The firewall forward cross-vsys command configures the communication mode of virtual systems.
| Parameter | Description | Value |
|---|---|---|
| normal | Indicates the normal communication mode. | - |
| extended | Indicates the extended communication mode. | - |
Application scenario
The default communication mode of virtual systems is the normal mode, which supports only direct communication between two virtual systems through route and policy configurations (vsysa -> vsysb). Each packet can go through cross-virtual system forwarding only once and will be discarded if it passes through over two virtual systems.

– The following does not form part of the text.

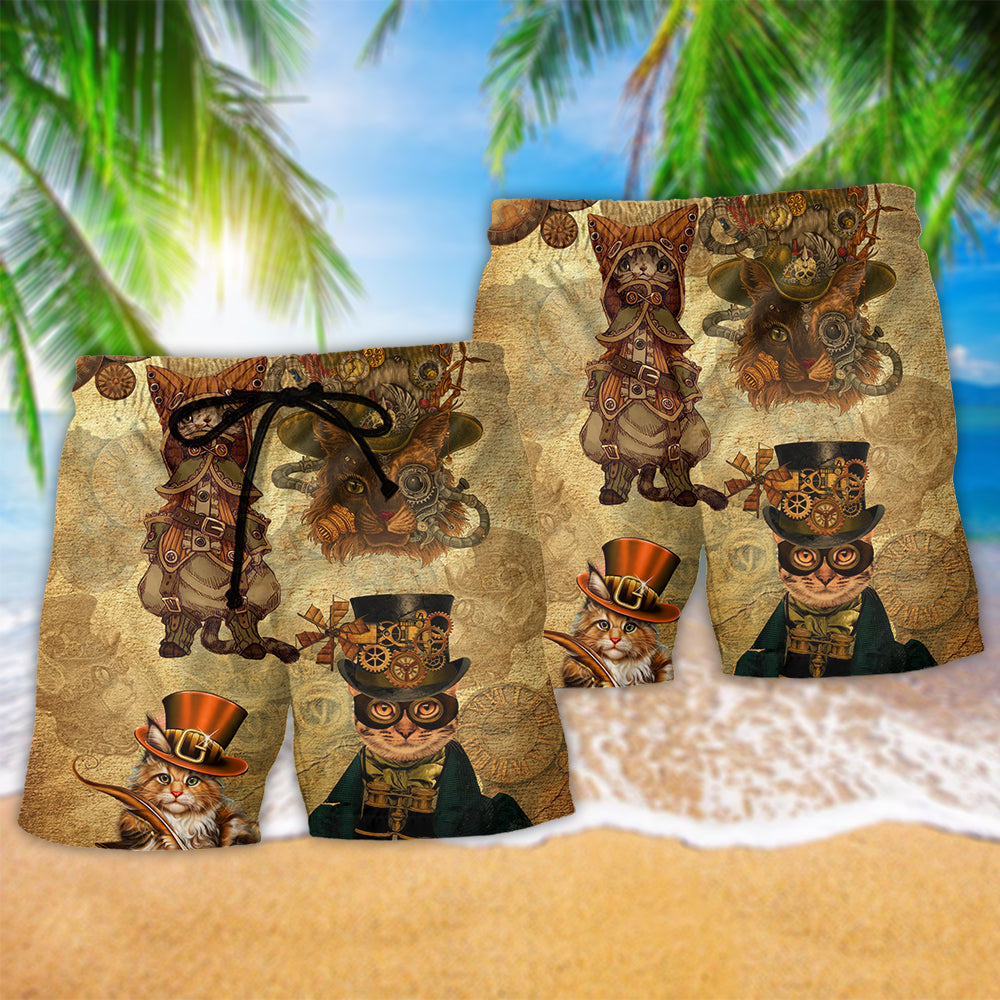Vintage Cat Machine Beach Shorts Pattern Detail For Sunny Day Activities And Leisure And Relaxation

In extended mode, the device introduces the concept of shared virtual system (Shared-vsys). A shared virtual system in extended mode is created on the FW for routing, which helps implement communication between two virtual systems across Shared-vsys (vsysa -> Shared-vsys -> vsysb). Packets between the two virtual systems are forwarded across Shared-vsys. Considering that the firewall forward cross-vsys extended command has been executed to set the FW communication mode to extended mode, packets from vsysa are forwarded across Shared-vsys to vsysb without being discarded. Each packet can go through cross-virtual system forwarding for a maximum of two times.
Precautions
In extended mode, each packet goes through cross-virtual system forwarding for two times, decreasing the device forwarding performance. You are advised to set the communication mode to the normal mode.